Could you give back exactly the lines below from the one with "Mother and baby" through the one with "nutter butter cheesecake", without a single picture?

▸ **RECORDS FOR THE EXERCISE**:
•••••

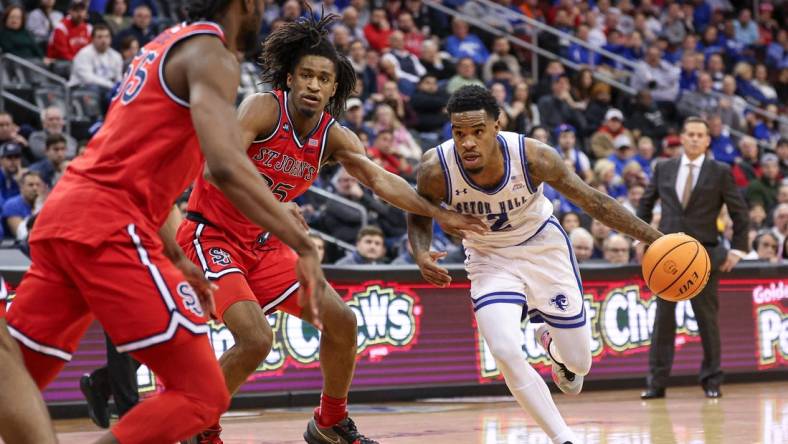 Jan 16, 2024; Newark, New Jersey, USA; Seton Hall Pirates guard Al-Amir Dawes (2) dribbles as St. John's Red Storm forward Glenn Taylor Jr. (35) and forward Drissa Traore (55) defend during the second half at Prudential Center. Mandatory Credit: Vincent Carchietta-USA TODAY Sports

•••••

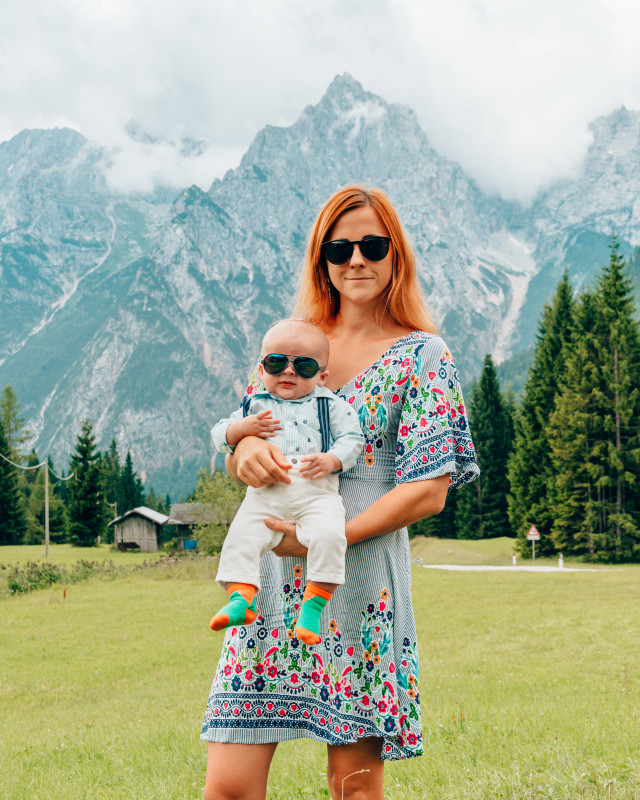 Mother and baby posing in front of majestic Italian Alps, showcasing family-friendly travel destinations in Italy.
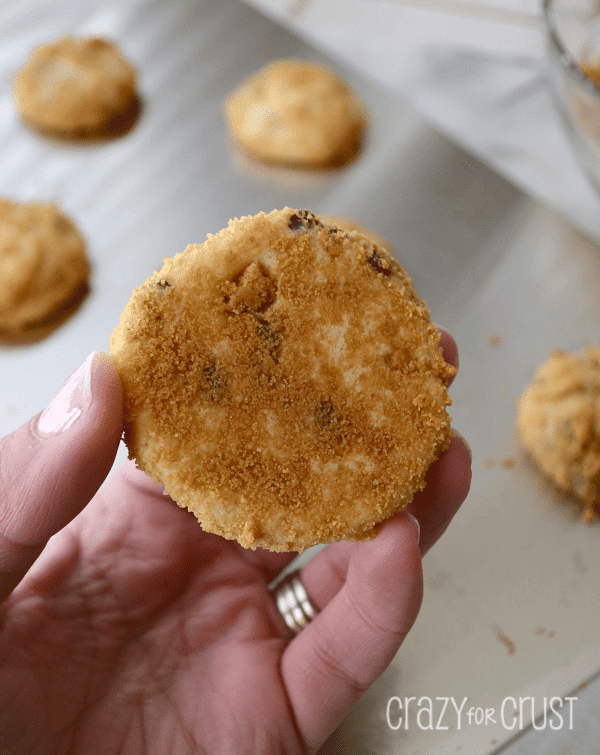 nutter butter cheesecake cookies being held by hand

•••••

▸ **RESPONSE TO THIS TASK**:
 Mother and baby posing in front of majestic Italian Alps, showcasing family-friendly travel destinations in Italy.
 nutter butter cheesecake cookies being held by hand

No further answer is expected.